A game is repeatable ad lib., that is, you can always start again at the system origin. It has a non-recursive point; that is, it has a zero or system origin which is not conditioned by any previous moves. Later moves are recursive (that is, defined by preceding moves), and the "richness" of each move is related to the density of its implications for succeeding moves, but also to the amount of effective data which is new and not fixed by previous moves. A good game is, for one thing, one in which the ratio of implication (implexity?) to explanation is high. A game may involve planning, probability, pattern matching, memory, and gaining virtual assets. If it is possible to invent the rules of games, there must be a set of rules by which the game-rules are generated and controlled, at a deeper layer of arbitrariness and compulsion. Inventing games is a kind of game. Niall Quinn, Nic Laight and Nick Macias are poets who have devised geometrical spaces which allow great kinetic excitement, impressively combining transparency and complexity. It may be that we could regard all software as a set of mathematical puzzles; and all poems as mathematical puzzles, local cases of information theory. Imagining the good society was like a game, a sublime zero followed by a cascade of implication.

Idealism has been abandoned as a motive for deep language. The documentary project now seems to have been part of socialism, and the project of self-knowledge and self-expression to have been part of Protestantism; what was a pleasure then. The relation between signs and any inner processes, has been suspended. Sympathy, attachment, identification, are not on the scene. All this is parallel to the New Gen crew.

Instead of identifying, we are in the poem like mice in a polychrome maze. The withdrawal from the multiplanar cohesion of real-world experience gives the abiding problem of re-building complexity. This was not, always, present in the old, character-based, poetry. One must admit that some poets have very boring personalities; if you read RS Thomas, you will notice that the same few ideas occur again and again. So in theory he is free to be diverse, but what he has chosen is a very simple rule-set which repeats itself in a short time and which has been running for sixty years (it seems like more). Artificial rule-sets can easily be more complex, and have more scatter in their results, than "organic" ones. Let's not try to name the winners when we haven't yet worked out the new rules of the game. That someone will be surpassed and destroyed, is clear.
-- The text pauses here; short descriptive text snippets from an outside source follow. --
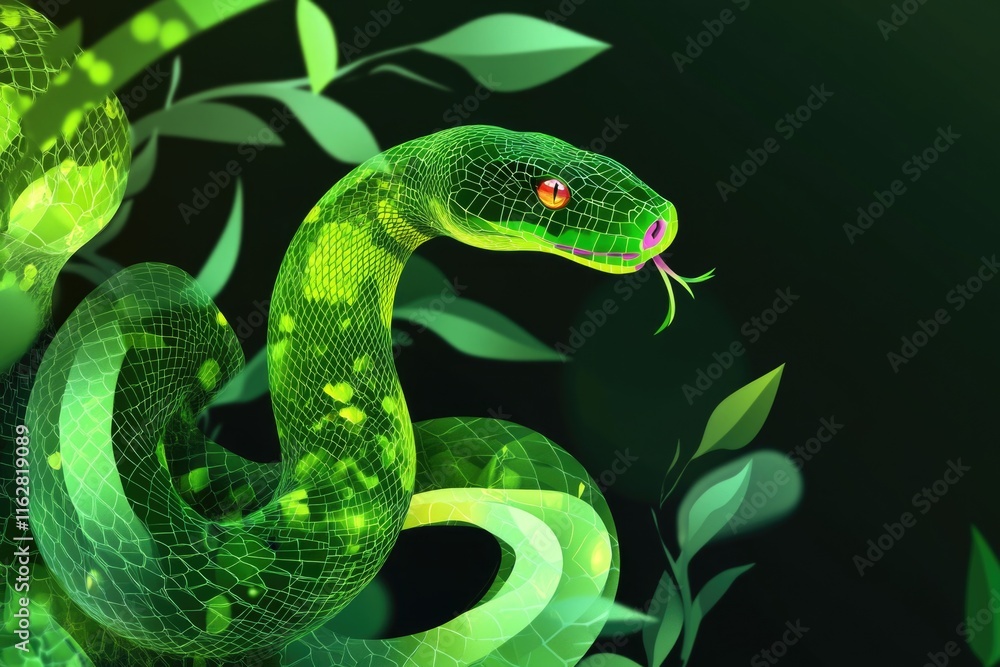 Fototapeta premium A green snake with its mouth open perched on a branch, ready to strike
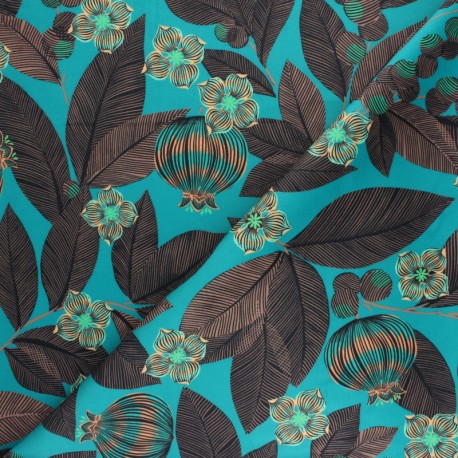 Tissu velours ras Fruit du Paradis - vert x 50cm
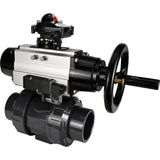 Ball valves Elephant BV4242E-FP-GRM-ISO, body material - UPVC, ball material - UPVC, seal - EPDM, with pneumatic actuator double action PA-DA-105-1, pneumatic distributor 4M310-08 220V and LSU APL-210N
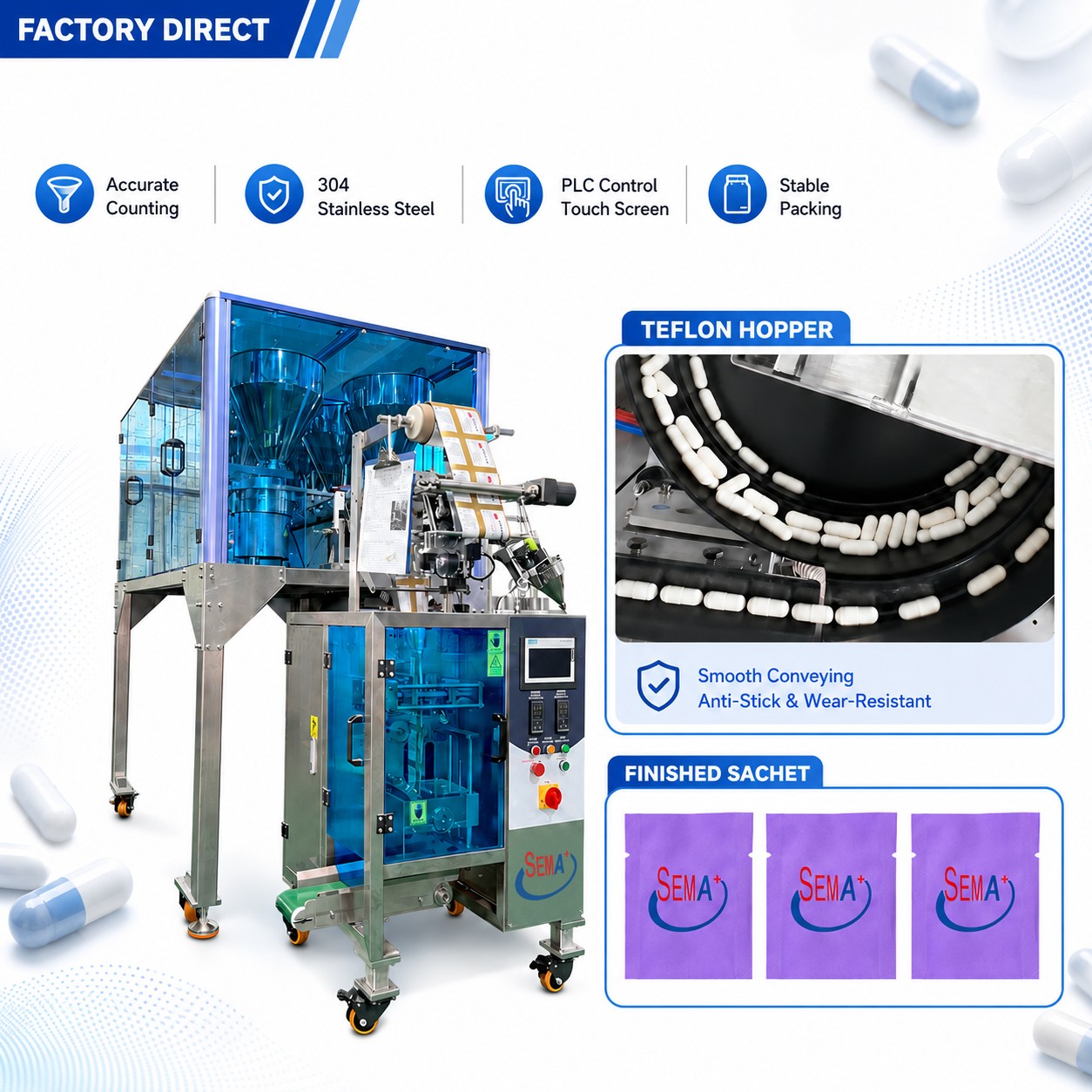 Automatic VFFS Tablet Capsule Pill Counting Filling Sachet Packing Machine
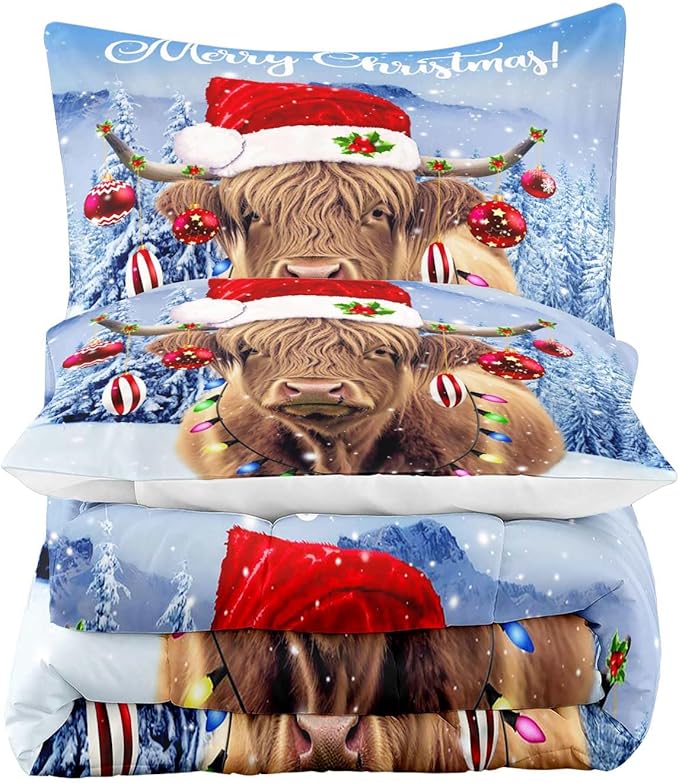 LUVIVIHOME 2PCS Funny Highland Cow Comforter Set Twin Size, Christmas Bedding, Cattle Bull Animal Santa Christmas Balls Winter Holiday Xmas New Year Christmas Bedroom Decor, Cow Gifts, 1 Pillow Sham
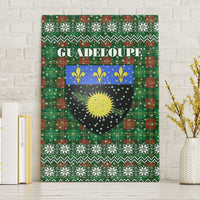 Guadeloupe Christmas Canvas Wall Art with Green-Red Plaid Design, Sun and Sugarcane Emblem, and Santa Sleigh Motif - Wonder Print Shop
A rule is that the high:low dimension of poetry is now also the depersonalisation: identifying/autobiographical contrast. Sharing is the surrender of distinction. The quality for which poets strive has shifted away from authenticity and towards virtuality. The high prestige of virtuality corresponds to the low prestige of making things, e.g. cars. The admired formula is: arbitrary rules consistently applied. Two match-winners for depersonalisation might be these. First, naive poets assume that you're fascinated by their feelings, and write poems which just don't stand up on paper, without their composer being present in the room. Better poets write poems which are self-standing, away from the self they refer to. It was easy to deduce that poems which didn't refer to a personality at all were the most sophisticated. Secondly, boredom with identity politics, something which went on for far too long. Alert poets were bound to dissimilate from this central, accessible, sludge. Dissimilation is vital to prestige, while also abandoning territory where, indeed, happiness would have been possible.

American carnivals had a clown called the bozo, whose patter was drawn entirely from reshaping what the audience said to him — an improvisation of precise timing, at risk from the rubes. Khaled Hakim is a bozo on the loose among the culturati, reflexivity on legs, ignoring the rule that analysis is what you do to lower-status people. His work is an act of gratitude for the trauma of having other people demonstrate how well they know your culture. His evocation of overgrown, blown, briar-draggled wild patches of Birmingham is extraordinarily touching.

I also think wistfully of poets who aren't included, points on a bigger and better curve. You can't write DS Marriott out of history.